29. We have identified several issues relating to the delivery of the assessments, particularly in light of experience with the Work Capability Assessment, on which we recommend that the Committee seeks further clarification from the Government.

30. Firstly, while the proposed outline of the process states that most individuals will attend a face to face assessment at which they will have the opportunity to explain their circumstances, experience of the Work Capability Assessment has shown that independent assessors can often be keen to take claimants through a defined set of questions without entering into a proper discussion. How will the Government ensure that this is not repeated for PIP assessments?

31. Secondly, what weighting will be attached to the additional evidence considered by decision-makers, relative to the findings of the assessment? Where complex neurological conditions such as MND are concerned, expert testimony from health and social care professionals who know the individual and their circumstances will inevitably be more pertinent and accurate than a one-off assessment by a health professional who will typically not know the claimant or have dedicated expertise in their condition.

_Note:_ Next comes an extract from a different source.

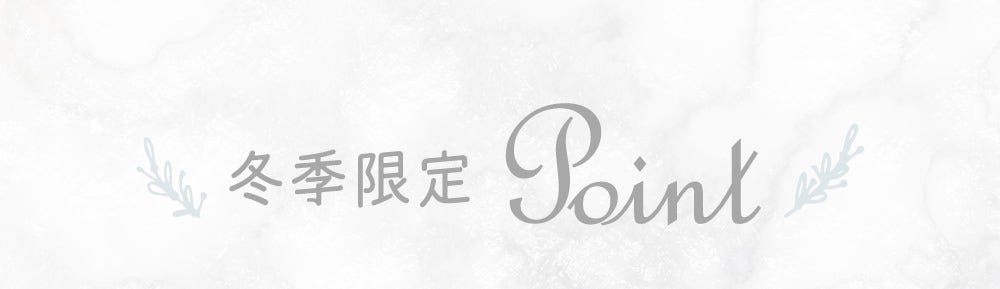 冬季限定 Point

32. Finally, if the assessment is conducted by an “independent” assessor, as the Government proposes, does that mean that the task of conducting the assessment will be outsourced? In discussions about Employment and Support Allowance and the WCA, the Minister for Employment has recently emphasised that the contractor, Atos, is merely performing a service for the department, and that Atos should be considered part of the DWP for the purposes of improving the process. We therefore hope that an in-house assessment programme will be one of the options considered by DWP for PIP: even if an external contractor has the virtue of being “independent”, this advantage has been more than outweighed in respect of ESA by the poor quality of Atos’s delivery, and we see no reason why a programme of assessment run (at arm’s length if desired) by DWP should not be at least as effective.